__What you should do__.
Print the records below exactly, from the line containing "Libro Approaches for" down to the line containing "Crafting your privileged", both lines included, and omit every picture.

__Data to process__.
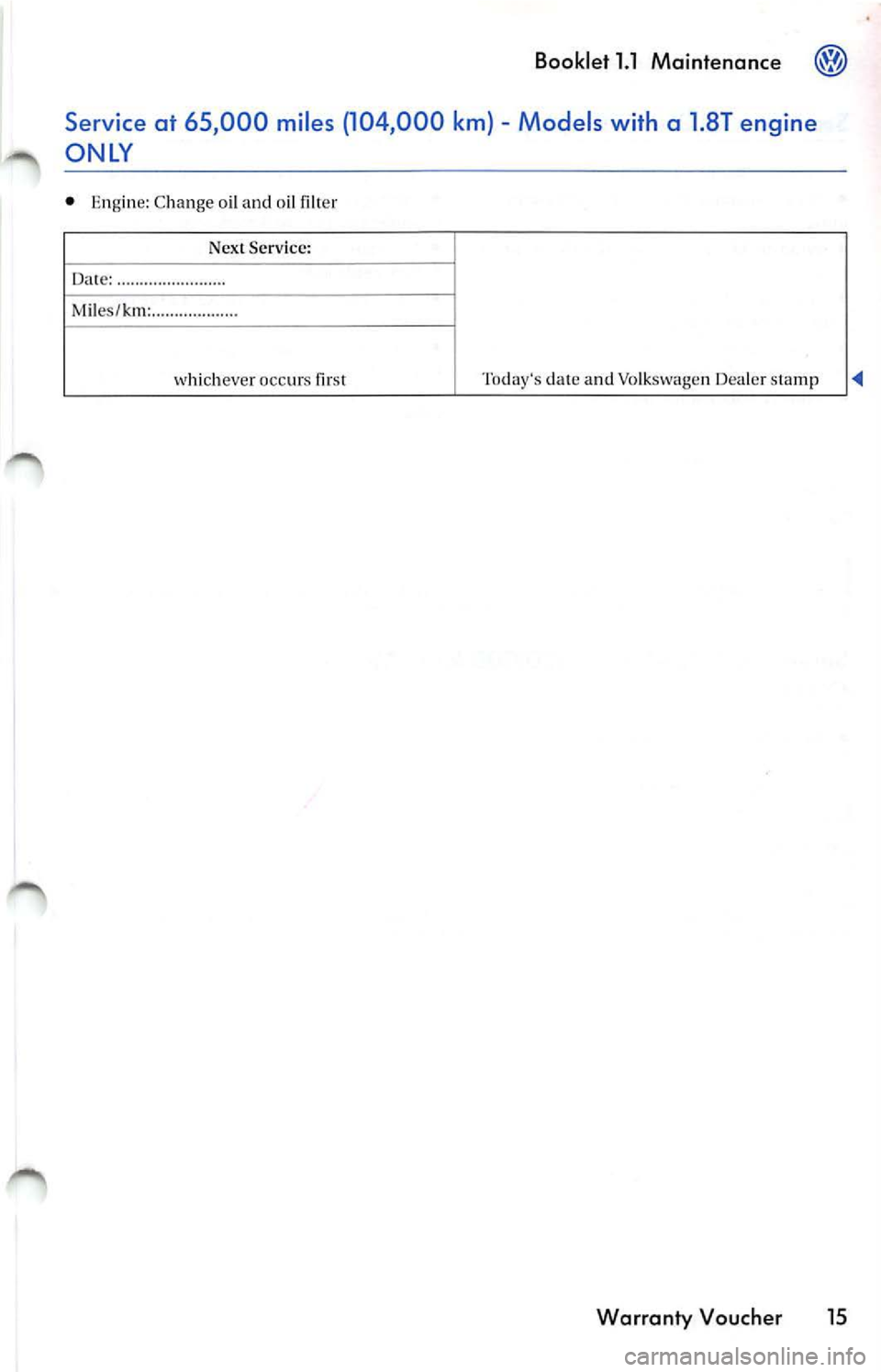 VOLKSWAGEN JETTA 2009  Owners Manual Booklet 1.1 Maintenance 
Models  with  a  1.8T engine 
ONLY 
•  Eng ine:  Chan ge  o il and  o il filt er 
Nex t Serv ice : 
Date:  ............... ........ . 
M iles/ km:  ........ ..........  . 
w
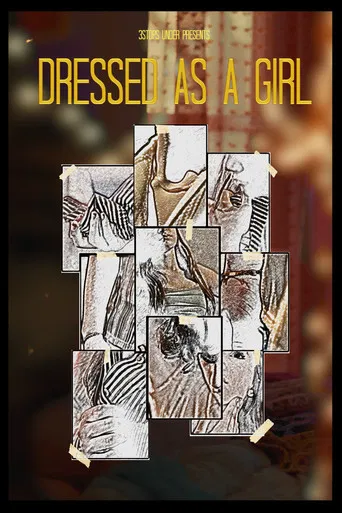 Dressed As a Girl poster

* * *

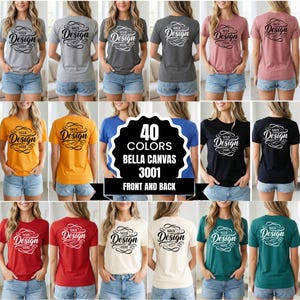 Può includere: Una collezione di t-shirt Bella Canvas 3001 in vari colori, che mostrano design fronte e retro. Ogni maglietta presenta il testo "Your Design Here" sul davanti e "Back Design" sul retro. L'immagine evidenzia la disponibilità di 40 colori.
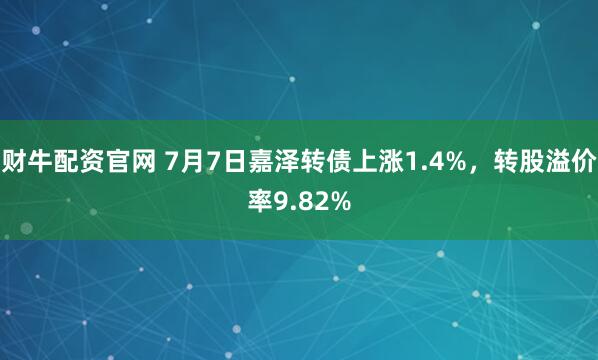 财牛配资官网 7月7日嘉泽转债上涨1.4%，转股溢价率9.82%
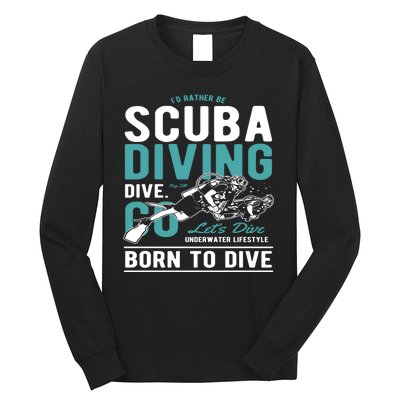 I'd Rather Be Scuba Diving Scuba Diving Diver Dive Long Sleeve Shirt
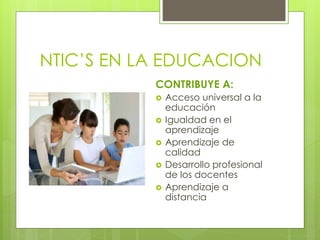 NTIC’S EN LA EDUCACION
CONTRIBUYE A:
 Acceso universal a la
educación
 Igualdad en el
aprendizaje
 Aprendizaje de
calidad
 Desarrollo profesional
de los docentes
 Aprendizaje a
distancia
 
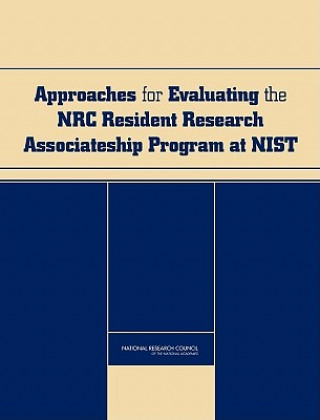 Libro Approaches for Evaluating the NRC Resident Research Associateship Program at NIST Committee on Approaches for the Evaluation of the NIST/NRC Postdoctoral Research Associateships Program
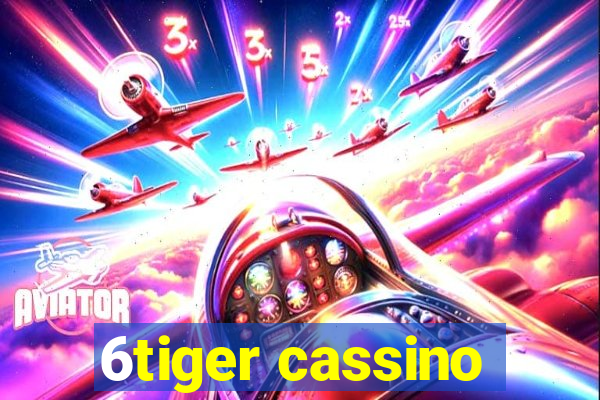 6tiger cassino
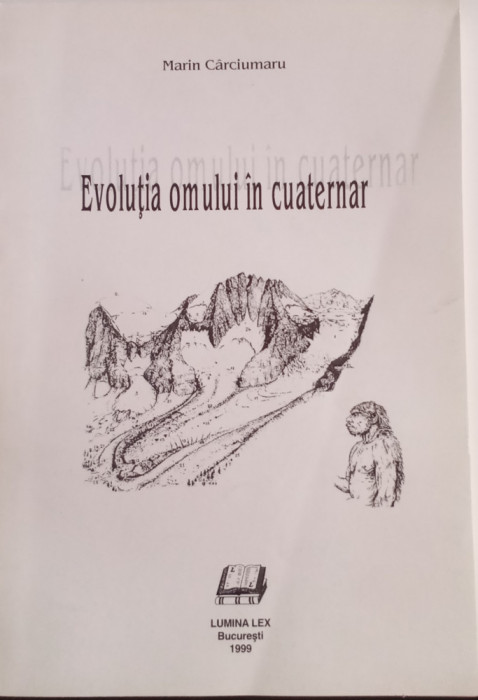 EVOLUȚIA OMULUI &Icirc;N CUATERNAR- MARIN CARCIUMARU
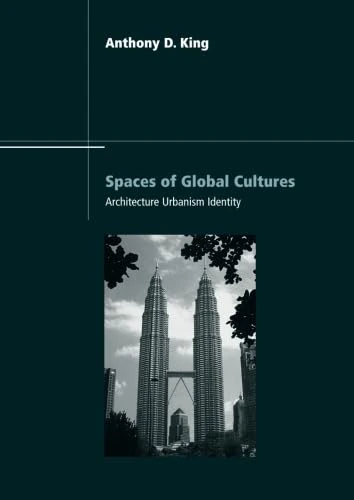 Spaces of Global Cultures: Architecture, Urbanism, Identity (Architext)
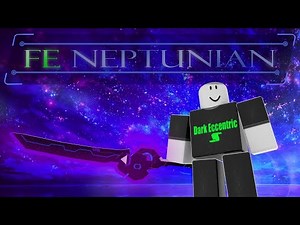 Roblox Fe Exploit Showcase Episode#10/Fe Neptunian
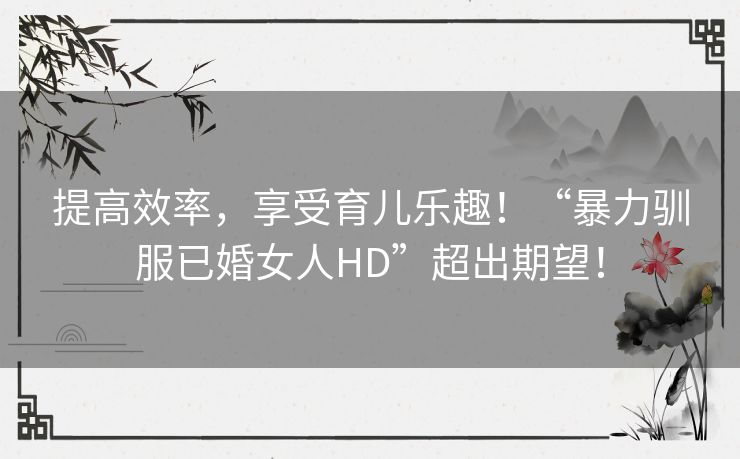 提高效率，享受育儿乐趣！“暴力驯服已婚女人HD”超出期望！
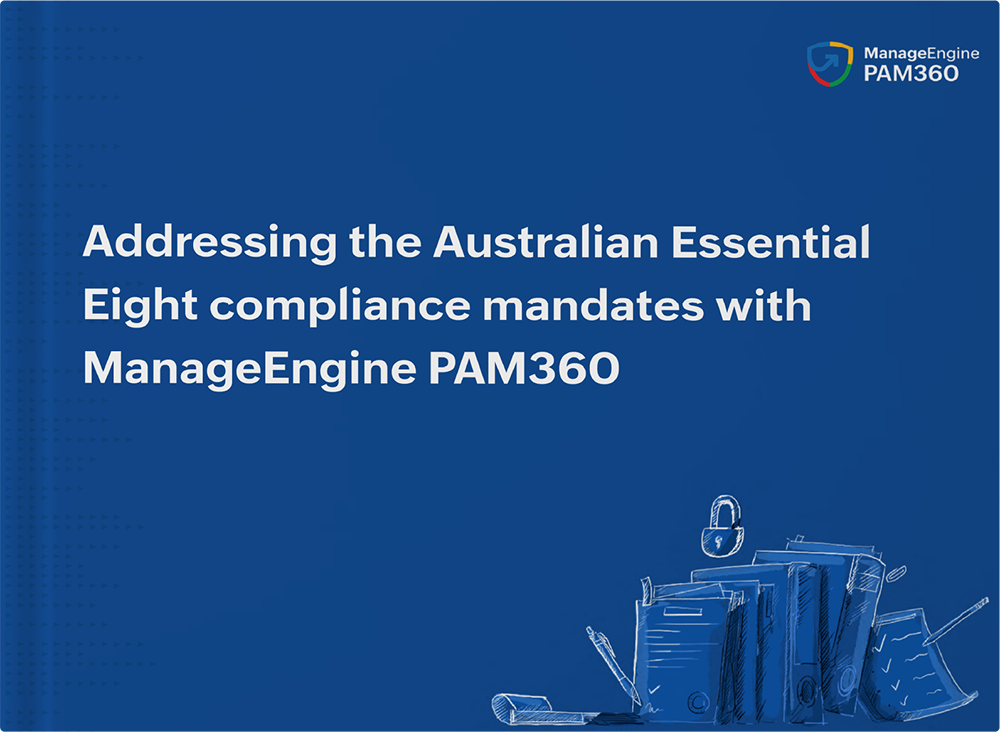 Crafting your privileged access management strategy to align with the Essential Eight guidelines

* * *

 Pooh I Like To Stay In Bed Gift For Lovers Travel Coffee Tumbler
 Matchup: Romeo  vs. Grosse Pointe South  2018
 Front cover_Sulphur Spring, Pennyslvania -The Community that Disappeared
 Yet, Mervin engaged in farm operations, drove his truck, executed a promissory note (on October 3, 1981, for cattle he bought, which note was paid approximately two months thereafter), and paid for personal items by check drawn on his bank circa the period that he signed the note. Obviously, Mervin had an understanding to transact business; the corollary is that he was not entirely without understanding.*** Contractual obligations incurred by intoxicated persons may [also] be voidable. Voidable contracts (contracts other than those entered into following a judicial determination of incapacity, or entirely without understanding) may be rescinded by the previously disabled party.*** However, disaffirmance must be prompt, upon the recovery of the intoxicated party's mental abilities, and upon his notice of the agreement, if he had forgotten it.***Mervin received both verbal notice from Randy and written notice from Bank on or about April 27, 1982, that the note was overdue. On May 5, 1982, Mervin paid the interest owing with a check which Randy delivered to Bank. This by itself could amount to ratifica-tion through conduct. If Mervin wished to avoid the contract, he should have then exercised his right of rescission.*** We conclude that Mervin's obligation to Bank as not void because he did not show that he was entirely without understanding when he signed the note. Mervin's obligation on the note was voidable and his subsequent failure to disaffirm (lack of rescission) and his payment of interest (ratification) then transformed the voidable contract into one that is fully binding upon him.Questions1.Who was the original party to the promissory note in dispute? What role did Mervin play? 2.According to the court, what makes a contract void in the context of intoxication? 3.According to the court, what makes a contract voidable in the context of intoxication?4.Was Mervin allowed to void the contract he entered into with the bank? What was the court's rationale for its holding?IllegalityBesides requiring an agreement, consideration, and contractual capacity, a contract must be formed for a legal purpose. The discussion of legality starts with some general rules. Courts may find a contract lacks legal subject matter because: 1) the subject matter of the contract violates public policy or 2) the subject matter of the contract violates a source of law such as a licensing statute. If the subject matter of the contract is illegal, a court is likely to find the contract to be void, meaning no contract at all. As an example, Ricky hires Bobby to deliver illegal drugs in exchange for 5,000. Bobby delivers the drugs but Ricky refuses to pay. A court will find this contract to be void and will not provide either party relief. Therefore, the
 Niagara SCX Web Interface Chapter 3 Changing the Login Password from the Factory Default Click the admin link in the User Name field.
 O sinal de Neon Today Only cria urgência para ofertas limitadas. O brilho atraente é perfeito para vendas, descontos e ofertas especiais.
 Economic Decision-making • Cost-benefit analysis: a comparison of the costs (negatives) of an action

__Answer to the exercise__.
 Libro Approaches for Evaluating the NRC Resident Research Associateship Program at NIST Committee on Approaches for the Evaluation of the NIST/NRC Postdoctoral Research Associateships Program
 6tiger cassino
 EVOLUȚIA OMULUI &Icirc;N CUATERNAR- MARIN CARCIUMARU
 Spaces of Global Cultures: Architecture, Urbanism, Identity (Architext)
 Roblox Fe Exploit Showcase Episode#10/Fe Neptunian
 提高效率，享受育儿乐趣！“暴力驯服已婚女人HD”超出期望！
 Crafting your privileged access management strategy to align with the Essential Eight guidelines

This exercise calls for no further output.